Como se prevê no art. 425º CPC depois do encerramento da discussão, em sede de recurso só são admitidos os documentos cuja apresentação não tenha sido possível até aquele momento.
Observava ALBERTO DOS REIS: “[c]oncilia-se assim o princípio de disciplina processual que postula o oferecimento imediato de documentos, com o princípio de justiça segundo o qual a decisão deve ser a expressão, tão perfeita e completa quanto possível, da verdade dos factos que interessam ao litígio”[2].
A junção de documentos em sede de recurso está contudo subordinada ao critério estabelecido no art. 651º CPC, no qual se determina que:
“As partes apenas podem juntar documentos às alegações nas situações excecionais a que se refere o art. 425º ou no caso de a junção se ter tornado necessária em virtude do julgamento proferido na 1ª instância”.
Dispõe o art.425ºCPC:
“Depois do encerramento da discussão só são admitidos, no caso de recurso, os documentos cuja apresentação não tenha sido possível até aquele momento”.

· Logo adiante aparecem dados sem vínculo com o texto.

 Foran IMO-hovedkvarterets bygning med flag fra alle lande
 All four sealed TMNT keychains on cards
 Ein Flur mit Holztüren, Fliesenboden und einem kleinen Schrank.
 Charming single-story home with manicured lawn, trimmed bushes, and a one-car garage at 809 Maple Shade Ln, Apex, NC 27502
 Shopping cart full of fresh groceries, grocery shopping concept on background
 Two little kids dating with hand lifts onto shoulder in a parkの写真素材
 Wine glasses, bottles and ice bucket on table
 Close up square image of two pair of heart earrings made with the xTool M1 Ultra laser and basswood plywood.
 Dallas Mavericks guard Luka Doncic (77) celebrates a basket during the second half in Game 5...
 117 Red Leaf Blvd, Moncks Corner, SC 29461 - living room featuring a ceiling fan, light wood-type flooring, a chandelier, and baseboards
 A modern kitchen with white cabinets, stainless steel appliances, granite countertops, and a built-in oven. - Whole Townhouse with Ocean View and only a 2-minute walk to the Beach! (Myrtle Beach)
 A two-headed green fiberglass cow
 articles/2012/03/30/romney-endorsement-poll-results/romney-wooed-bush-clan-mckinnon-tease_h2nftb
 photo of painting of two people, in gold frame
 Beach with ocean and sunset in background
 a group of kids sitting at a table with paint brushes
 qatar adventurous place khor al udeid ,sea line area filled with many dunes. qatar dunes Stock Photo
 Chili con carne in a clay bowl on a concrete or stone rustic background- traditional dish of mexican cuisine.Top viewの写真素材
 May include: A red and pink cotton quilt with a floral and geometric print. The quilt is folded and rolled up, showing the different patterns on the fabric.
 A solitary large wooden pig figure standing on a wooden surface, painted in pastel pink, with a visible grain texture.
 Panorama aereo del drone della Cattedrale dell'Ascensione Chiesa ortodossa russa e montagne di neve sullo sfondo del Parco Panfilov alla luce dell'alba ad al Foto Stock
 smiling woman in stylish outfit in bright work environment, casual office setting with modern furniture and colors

Decorre deste regime que em sede de recurso, nas alegações, as partes podem juntar documentos, quando:
- a sua apresentação não tenha sido possível até esse momento – superveniência objetiva (fundada na data do facto a provar ou do documento comprovante) ou subjetiva (baseada no desconhecimento da existência do documento, na indisponibilidade dele por parte do interessado ou na necessidade de alegação e prova do facto);
- se tenha revelado necessária por virtude do julgamento proferido, maxime quando esta se revele de todo surpreendente relativamente ao que seria expectável em face dos elementos já constantes do processo[3].
No caso em análise o apelante requereu a junção dos documentos pelo facto de intervir pela primeira vez nos autos e para comprovar os factos que alega nas conclusões de recurso.
Os motivos invocados não têm apoio no critério legal.
O apelante citado para os termos da ação não contestou, sendo certo que era na contestação que devia apresentar a sua defesa e indicar os meios de prova. Não o fazendo precludiu o direito de o fazer.
O ónus de contestar inclui quer o de impugnar, quer o de excecionar com a dedução de todas as exceções que, não sendo de conhecimento oficioso, o réu tenha contra a pretensão do autor (art. 573/1 CPC). A inobservância de qualquer destes ónus dá lugar a preclusões (de contestar, de impugnar, de excecionar).
O art. 573.º n.º1 CPC enuncia o princípio da concentração da defesa na contestação ao prescrever que toda ela deve ser deduzida nesse articulado, com exceção dos incidentes que a lei mande deduzir em separado.
O n.º 2 prevê a defesa superveniente: depois da contestação só podem ser deduzidas as exceções, incidentes e meios de defesa que sejam supervenientes ou que a lei expressamente admita passado esse momento, ou de que se deva conhecer oficiosamente.
Os factos integradores da exceção devem ser alegados, em primeira mão e em primeira linha, nos articulados principais, neste caso, na contestação.
Por outro lado, na contestação o réu deve expor as razões de facto e de direito por que se opõe à pretensão do autor (art. 572º/b CPC).
Não resulta dos autos que não tenha sido possível a junção do documento até ao encerramento da discussão em 1ª instância, por não ter conhecimento da sua existência ou, conhecendo-a não lhe ter sido possível fazer uso dele.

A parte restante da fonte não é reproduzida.